In the frozen Land of Nador, They were forced to eat Robin's minstrels and there was much rejoicing.


----------



## HanaBi (Apr 3, 2018)

I think the Holy Grail, will always remain my favourite Python film. I think given it was made on a very tight budget and it was improvised in part, it feels far more honest and raw. My only criticism is that it ran out of inventive steam near the end.

Life of Brian, is a polished gem of a film, helped somewhat by a bigger budget, special effects and a larger more confident production. Fortunately, the comedy sketches were immensely funny and remain in the memory for years.(My favourite scene involves those two Roman guards trying hard not to laugh at the name "Biggus Dickus"). However, I didn't like the ending, and it was also a tad overlong.

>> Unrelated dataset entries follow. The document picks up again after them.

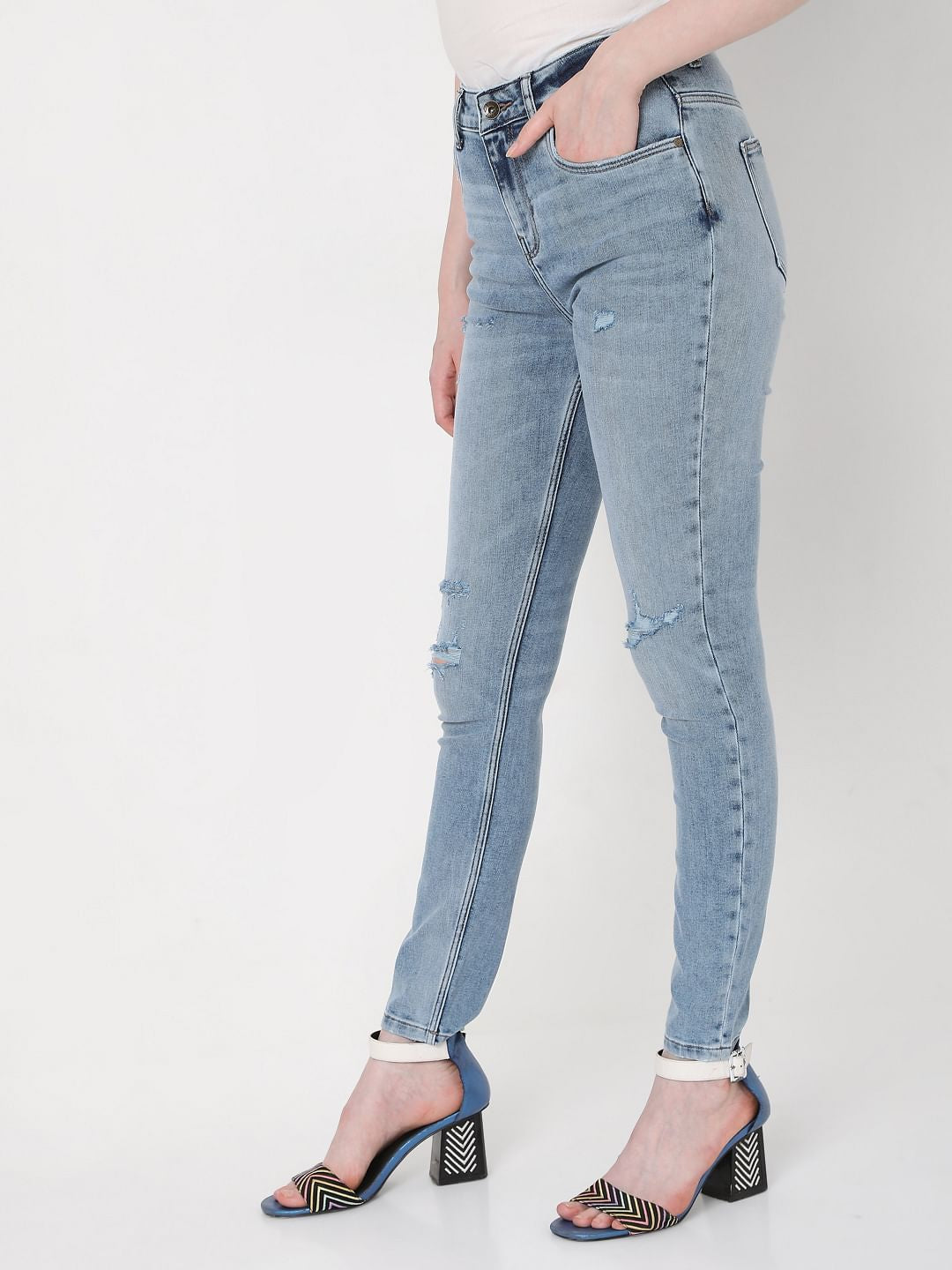 Blue High Rise Ripped Wendy Skinny Jeans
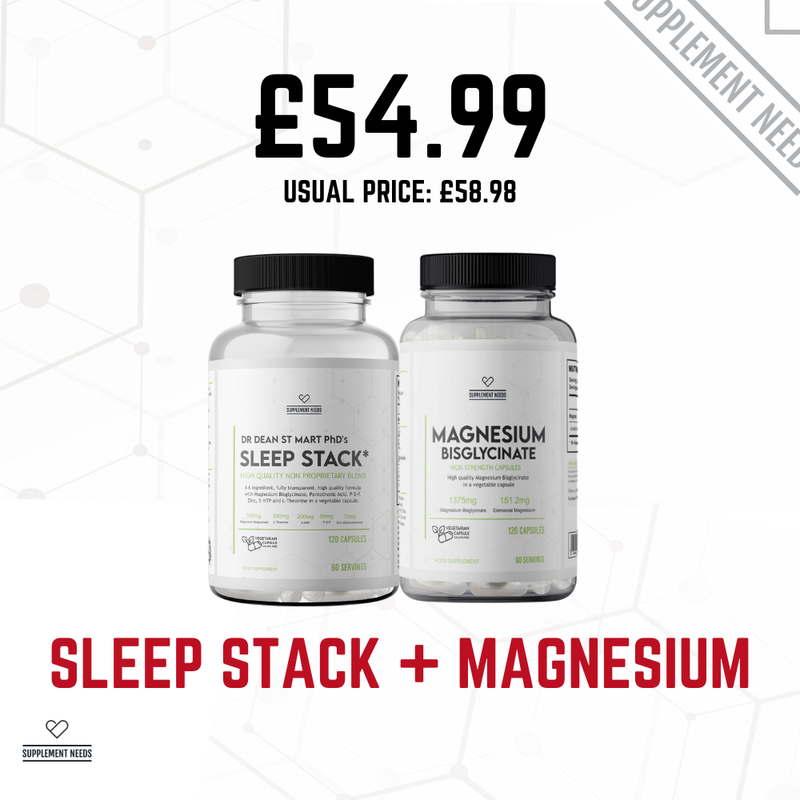Two supplement bottles labeled 'Sleep Stack' and 'Magnesium Bisglycinate' with a price tag on a white background.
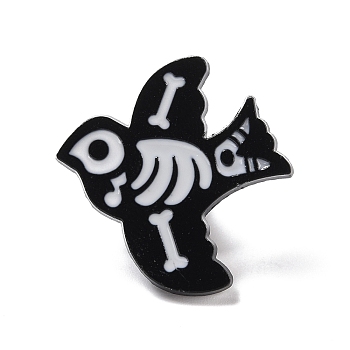 Bird Skeleton Enamel Pin, Halloween Animal Alloy Badge for Backpack Clothing, Electrophoresis Black, White, 25x21x2mm, Pin: 1mm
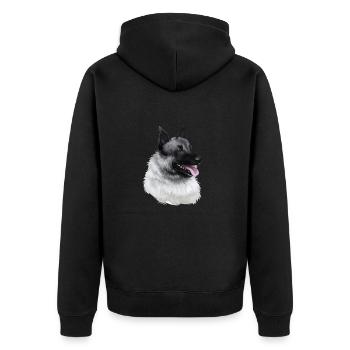 Norwegischer Elchhund Hund Aquarell Illustration - Unisex Premium Bio Zip Hoodie - Schwarz - Hinten - Nico (187cm)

But they make for a great double-bill to pass away a humdrum Sunday afternoon's entertainment


----------



## thaddeus6th (Apr 3, 2018)

The ending of Life of Brian was altered to make it more politically correct. I think I'm right in saying that the Jewish suicide squad originally was going to be (perhaps in addition, rather than as an alternative, to the chosen end) Nazi Jews. If you look carefully the leader of them has a swastika badge on his forehead.

I think I prefer the Holy Grail. But maybe that's just because I'm beginning to suspect having aquatic women distributing swords might be a good form of government


----------



## BAYLOR (Apr 6, 2018)

The Monty Python Troop in their own unique comic  way,  changed how we look at life and the world around us . When the last member of Monty Python  finally departs this earth , we will never see their like again.


----------



## Harpo (Apr 7, 2018)

BAYLOR said:


> The Monty Python Troop in their own unique comic  way,  changed how we look at life and the world around us . When the last member of Monty Python  finally departs this earth , we will never see their like again.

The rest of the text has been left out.